While the finer details are still murky, an investigation has led Sima executives to believe the chairlift was disrupted by a circuit board failure on the lift’s main panel, triggering the emergency shutdown sequence. It is believed the automatic safety function not only prevented the restart of the electrical engine but the backup diesel motor as well.

“The chairlift will resume operation once the board is replaced and the reason for the failure is determined,” said Hougen in Tuesday’s media release.

With the training exercise for such a situation fresh in their heads, having done it just days before, Sima employees, and the Whitehorse Fire Department, managed to evacuate all but one chair in approximately 2.5 hours. The final chair, which stopped at the highest point of the lift in the widest span between towers, took an additional hour to clear.

“We have one span that is quite high and we had some difficulty getting the rope down there,” said Hougen on Monday. “This morning we’ve had two debriefs already and I’ve seen a list of at least 50 recommendations on ways we could improve what was already a very successful evacuation. So we’re going to be able to deal with that time-lag right there.

“I’m told there are lifts in the south that take a full eight hours for a full evacuation,” he added.

“We did it essentially in two-and-a-half - three-and-a-half for everybody.”

Although trapped on the lift for two hours with her mother, Whitehorse snowboarder Vanessa Brault seemed more displeased with missing out on more runs in the great conditions.

“It was a beautiful day and we were pumped to be there,” said Brault. “The snow was great and I was having the best day ever at Sima; it was fantastic.

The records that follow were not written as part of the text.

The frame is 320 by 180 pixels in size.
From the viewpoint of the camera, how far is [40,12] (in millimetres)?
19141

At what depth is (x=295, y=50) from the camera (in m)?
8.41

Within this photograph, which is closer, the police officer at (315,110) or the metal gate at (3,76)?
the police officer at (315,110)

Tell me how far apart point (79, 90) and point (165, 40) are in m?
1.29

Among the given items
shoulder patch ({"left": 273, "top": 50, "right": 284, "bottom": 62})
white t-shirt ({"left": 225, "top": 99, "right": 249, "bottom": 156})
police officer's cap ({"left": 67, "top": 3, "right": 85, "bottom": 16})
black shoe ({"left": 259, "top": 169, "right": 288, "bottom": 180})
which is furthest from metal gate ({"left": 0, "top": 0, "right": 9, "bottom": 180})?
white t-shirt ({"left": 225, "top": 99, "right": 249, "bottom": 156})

“I have a season’s pass and I can’t wait to go back. It was really unfortunate, but it could always be worse.”

To evacuate the skiers and snowboarders from their perches, rescuers used ropes with two belayers on the ground to lower chairlift passengers one at a time while strapped in a safety harness.

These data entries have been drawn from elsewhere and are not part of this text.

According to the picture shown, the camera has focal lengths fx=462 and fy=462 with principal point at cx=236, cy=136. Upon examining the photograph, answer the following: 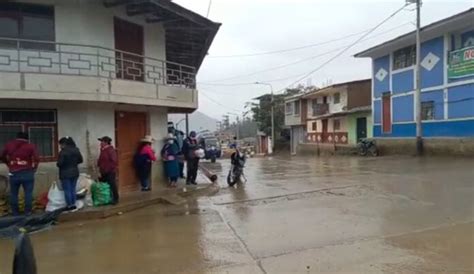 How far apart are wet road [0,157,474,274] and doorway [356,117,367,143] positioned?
21541mm

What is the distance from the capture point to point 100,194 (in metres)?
10.3

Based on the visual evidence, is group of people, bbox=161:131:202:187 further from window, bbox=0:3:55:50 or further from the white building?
window, bbox=0:3:55:50

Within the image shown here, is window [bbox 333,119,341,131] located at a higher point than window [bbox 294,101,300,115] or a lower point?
lower

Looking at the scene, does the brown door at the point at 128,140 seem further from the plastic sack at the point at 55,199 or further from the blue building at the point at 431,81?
the blue building at the point at 431,81

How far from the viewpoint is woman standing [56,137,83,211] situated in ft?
31.5

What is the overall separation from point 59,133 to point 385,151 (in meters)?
19.8

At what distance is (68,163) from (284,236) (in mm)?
5002

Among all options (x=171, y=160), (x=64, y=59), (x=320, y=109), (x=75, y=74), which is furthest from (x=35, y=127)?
(x=320, y=109)

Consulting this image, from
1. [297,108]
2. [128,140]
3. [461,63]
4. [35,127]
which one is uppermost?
[461,63]

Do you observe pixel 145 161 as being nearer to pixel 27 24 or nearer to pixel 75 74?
pixel 75 74

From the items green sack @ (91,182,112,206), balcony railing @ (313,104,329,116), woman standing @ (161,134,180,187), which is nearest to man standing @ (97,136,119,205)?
green sack @ (91,182,112,206)

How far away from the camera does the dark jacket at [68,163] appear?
9.60 m

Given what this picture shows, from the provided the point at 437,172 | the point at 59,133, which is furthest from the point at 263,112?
the point at 59,133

“You were instructed to put the T (shaped) bar between your legs, wrap a strap around your waist, and lift the (safety) bar on the chair,” said Brault. “You were coaxed to slide off - and not hit your head - and it was really smooth. There wasn’t anything like where someone slid off the chair and dropped five feet rapidly.

“It was cold, but they didn’t seem panicked, they just plugged away at what they were doing. They took it seriously and they didn’t try to rush anybody.”

Considering the evacuation was a first for the resort, and there were no reported injuries, Hougen dismisses the bad press and focuses on the positives from officials’ response to the situation.

“It is actually a good news story,” said Hougen. “You have a situation where, in 17 years, there has never been a lift evacuation.

“We have a small infirmary that wasn’t needed. But we had our staff down there, we opened the restaurant, everything was free, serving hot chocolate, coffee, soup, whatever we had.

“The kids were the coldest because they have the smallest body mass - and some of them were pretty cold. But we wrapped them up in blankets by the fire, they were attended to by a number of our people.

“Here you see people looking after people that don’t necessarily know each other.”

Mt. Sima had to cancel its 2007/08 season after a mechanical failure of its chairlift and an unrelated mishap with its T-bar involving a piece of the structure falling off.

Since reopening the following winter, Sima has seen a number of additions, including snowshoeing and a six-storey ice-climbing tower last year.

This summer it was announced Sima will soon become a year-round attraction with the addition an adventure park, made possible by a $1,555,880 injection by the Canadian Northern Economic Development Agency.

Sima did offer cyclists downhill mountain biking for the first time this summer. In a situation not too different from Saturday’s, the lift’s electric engine, which was not designed for summer temperatures, overheated. To correct the problem, Sima used the diesel motor for the rest of the summer months, relying on the electric engine as a backup.

“It’s so heartwrenching because I’ve been following the whole Sima thing for the last six years and it’s only been getting better,” said Brault.